For ten years now, on September 11 somebody always quotes Burke: “Those who don’t know history are destined to repeat it.” I, for one, am glad for the reminder. Even those of us who do know a little history are quick to forget the details. And the wisdom usually comes from the details.
Having been on the planet for over half a century, I’ve got my own history. Some of it, I’d like to forget. Interestingly, it’s that exact stuff that seems to have cemented itself to my memory—probably because I was taught by it.
Right now, as I write this, the forefront of my brain is flooded with faces and places covering five decades. Time heals, thankfully, but it’s weird: recollecting formative events brings to mind specific details: everything from rooms and roads, to radicals and reprobates. The more frightful the occasion, the more vivid is the memory. I cannot forget. I dare not forget. Most of my street smarts are welcome additions to my repertoire, but they didn’t come without a price.
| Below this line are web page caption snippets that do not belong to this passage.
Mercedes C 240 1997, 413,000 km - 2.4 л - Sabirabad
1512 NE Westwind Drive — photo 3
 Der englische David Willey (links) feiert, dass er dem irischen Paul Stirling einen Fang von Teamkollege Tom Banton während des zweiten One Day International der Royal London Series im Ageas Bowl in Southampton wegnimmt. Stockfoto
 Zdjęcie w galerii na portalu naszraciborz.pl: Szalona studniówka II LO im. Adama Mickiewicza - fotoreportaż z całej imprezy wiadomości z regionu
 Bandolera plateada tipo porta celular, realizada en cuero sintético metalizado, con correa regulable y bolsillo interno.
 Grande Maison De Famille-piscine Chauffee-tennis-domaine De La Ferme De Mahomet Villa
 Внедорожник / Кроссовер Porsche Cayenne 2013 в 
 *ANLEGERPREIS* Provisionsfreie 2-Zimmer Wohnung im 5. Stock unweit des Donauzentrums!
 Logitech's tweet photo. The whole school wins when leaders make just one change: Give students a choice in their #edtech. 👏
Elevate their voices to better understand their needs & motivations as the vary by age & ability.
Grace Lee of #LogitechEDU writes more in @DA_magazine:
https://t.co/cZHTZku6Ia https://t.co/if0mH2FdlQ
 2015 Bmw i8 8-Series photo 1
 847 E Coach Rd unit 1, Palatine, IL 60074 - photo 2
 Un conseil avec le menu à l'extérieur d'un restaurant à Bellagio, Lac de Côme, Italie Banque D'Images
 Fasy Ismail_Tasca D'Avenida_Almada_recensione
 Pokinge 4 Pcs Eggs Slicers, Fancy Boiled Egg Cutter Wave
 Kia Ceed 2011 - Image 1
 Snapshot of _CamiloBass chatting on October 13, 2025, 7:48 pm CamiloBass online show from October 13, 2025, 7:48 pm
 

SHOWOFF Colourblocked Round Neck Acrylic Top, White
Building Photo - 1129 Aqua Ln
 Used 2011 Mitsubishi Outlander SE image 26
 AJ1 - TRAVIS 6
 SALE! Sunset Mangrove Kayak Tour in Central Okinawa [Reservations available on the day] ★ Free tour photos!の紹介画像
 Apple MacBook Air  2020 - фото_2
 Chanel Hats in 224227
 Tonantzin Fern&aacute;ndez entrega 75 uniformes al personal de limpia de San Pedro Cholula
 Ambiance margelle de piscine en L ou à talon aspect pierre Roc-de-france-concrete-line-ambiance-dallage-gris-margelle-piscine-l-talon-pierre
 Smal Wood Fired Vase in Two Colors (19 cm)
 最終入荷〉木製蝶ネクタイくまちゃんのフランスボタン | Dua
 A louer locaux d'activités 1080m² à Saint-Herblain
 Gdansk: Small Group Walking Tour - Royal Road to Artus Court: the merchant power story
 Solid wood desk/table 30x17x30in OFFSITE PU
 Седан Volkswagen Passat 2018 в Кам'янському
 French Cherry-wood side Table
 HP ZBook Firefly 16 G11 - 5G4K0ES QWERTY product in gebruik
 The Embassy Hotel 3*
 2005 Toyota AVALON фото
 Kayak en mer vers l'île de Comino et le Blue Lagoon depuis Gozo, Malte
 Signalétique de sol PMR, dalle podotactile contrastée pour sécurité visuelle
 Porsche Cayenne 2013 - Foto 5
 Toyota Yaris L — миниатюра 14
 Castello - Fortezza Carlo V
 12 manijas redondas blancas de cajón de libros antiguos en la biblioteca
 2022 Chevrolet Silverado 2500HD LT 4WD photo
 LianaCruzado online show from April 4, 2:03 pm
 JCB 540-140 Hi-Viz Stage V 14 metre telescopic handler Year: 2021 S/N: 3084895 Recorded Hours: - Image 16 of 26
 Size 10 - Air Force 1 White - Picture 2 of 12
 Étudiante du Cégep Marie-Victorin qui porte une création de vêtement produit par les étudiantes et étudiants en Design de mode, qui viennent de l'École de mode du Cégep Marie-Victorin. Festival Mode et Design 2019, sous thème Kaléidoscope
Life’s “history lessons” are many and varied. I’ve learned through second-hand study, and first-hand familiarity; I’ve experienced worldly sorrow, and godly sorrow. I’ve gone to the school of hard knocks (even got held back a few times). I have scars on me, from head to toe—inclusive (literally). As much as I wish I could disengage my memory, that’s not how God designed us. We are to forgive offenses, but not forget the lessons.
So: all those faces and places swimming around in my head can settle back down; short of a frontal lobotomy, they’re here to stay. The important thing is not to bring them out to play.